Cheng Haixing, Liu Chengyong, Gu Wenzhe, Wu Yuyi, Zhao Mengye, Liu Wentao, Wang Naibang
China Coal Energy Research Institute Co., Ltd., Xi'an, Shaanxi Province, China.
School of Mechanical and Electrical Engineering, China University of Mining and Technology (Beijing), Beijing, China.
PLoS One. 2025 Sep 4;20(9):e0331195. doi: 10.1371/journal.pone.0331195. eCollection 2025.

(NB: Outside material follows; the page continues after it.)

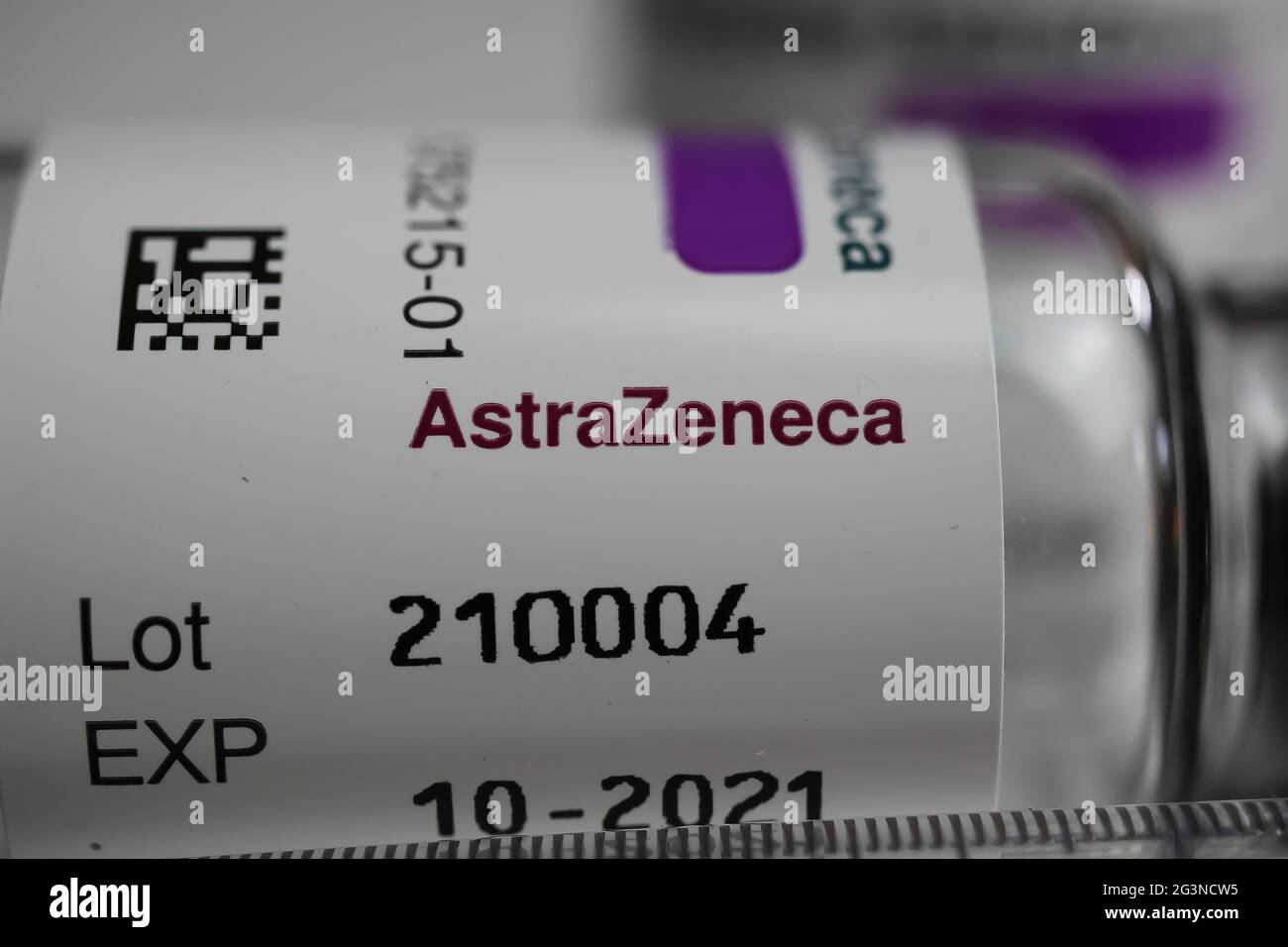 Viersen, Deutschland - Juni 9. 2021: Makro-Nahaufnahme von isolierten biontech pfizer mrna covid-19 Impfstofffläschchen konzentrieren sich komirnaty Stockfoto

Multi-modal data fusion plays a critical role in enhancing the accuracy and robustness of perception systems for autonomous driving, especially for the detection of small objects. However, small object detection remains particularly challenging due to sparse LiDAR points and low-resolution image features, which often lead to missed or imprecise detections. Currently, many methods process LiDAR point clouds and visible-light camera images separately, and then fuse them in the detection head. However, these approaches often fail to fully exploit the advantages of multi-modal sensors and overlook the potential for enhancing the correlation between modalities before feature fusion. To address this, we propose a novel LiDAR-guided multi-modal fusion framework for object detection, called LGMMfusion. This framework leverages the depth information from LiDAR to guide the generation of image Bird's Eye View (BEV) features. Specifically, LGMMfusion promotes spatial interaction between point clouds and pixels before the fusion of LiDAR BEV and image BEV features, enabling the generation of higher-quality image BEV features. To better align image and LiDAR features, we incorporate a multi-head multi-scale self-attention mechanism and a multi-head adaptive cross-attention mechanism, using the prior depth information from point clouds to generate image BEV features that better match the spatial positions of LiDAR BEV features. Finally, the LiDAR BEV features and image BEV features are fused to provide enhanced features for the detection head. Experimental results show that LGMMfusion achieves 71.1% NDS and 67.3% mAP on the nuScenes validation set, while also improving the detection of small objects and enhancing the detection accuracy of most objects.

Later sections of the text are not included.